Lori’s other books include the national bestseller, Stick Figure: A Diary of My Former Self, Inside the Cult of Kibu: And Other Tales of the Millennial Gold Rush, I Love You, Nice to Meet You (co-written with Kevin Bleyer of The Daily Show with Jon Stewart).
Lori is a licensed marriage and family therapist (MFC #54049) and provides therapy, consultation, reproductive counseling, speaking, media and executive coaching services. A contributing editor for The Atlantic, Lori has also written for such publications as The New York Times, Time, People, Elle, Glamour, Marie Claire, Redbook, Self, Parents, Slate, More, and Salon and has contributed commentaries and feature stories to NPR’s All Things Considered, This American Life, Weekend Edition and Marketplace.

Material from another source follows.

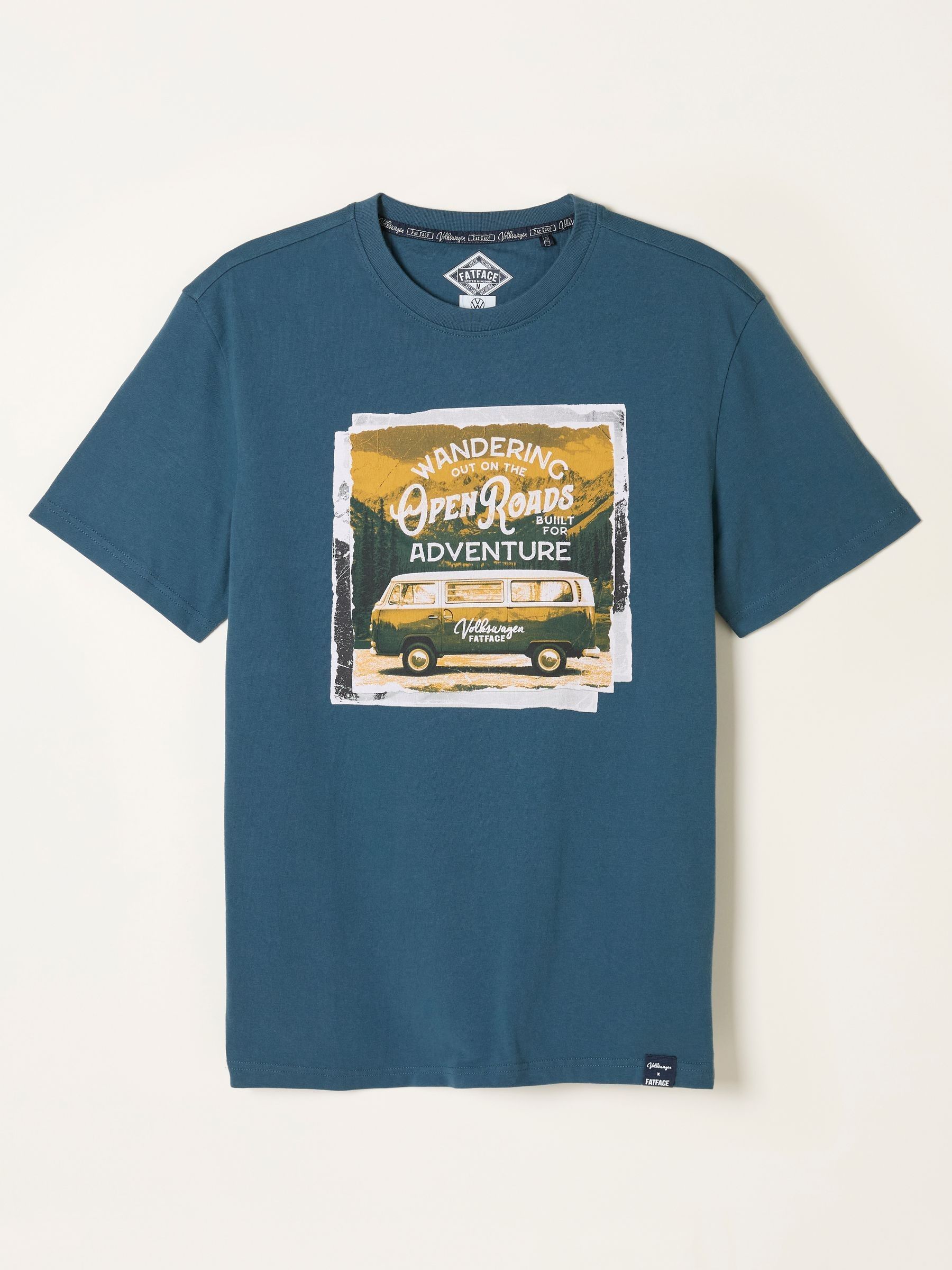 Dark Teal Blue VW Open Road Graphic T-Shirt | FatFace USA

She serves as a parenting expert for Lifetime Moms and appears regularly as a guest on such programs as The Today Show, CNN, MSNBC, The Early Show, Good Morning America, Dr. Phil, NPR and Oprah Radio. Her work has been included in numerous anthologies including the National Jewish Book Award winner The Modern Jewish Girl’s Guide to Guilt, The Secret Currency of Love, and The Best of Technology Writing. Lori has also co-created original pilots for Showtime, Oxygen, TBS and Nickelodeon, and was a staff writer on the NBC/Bravo series Significant Others, a sitcom about couples in therapy.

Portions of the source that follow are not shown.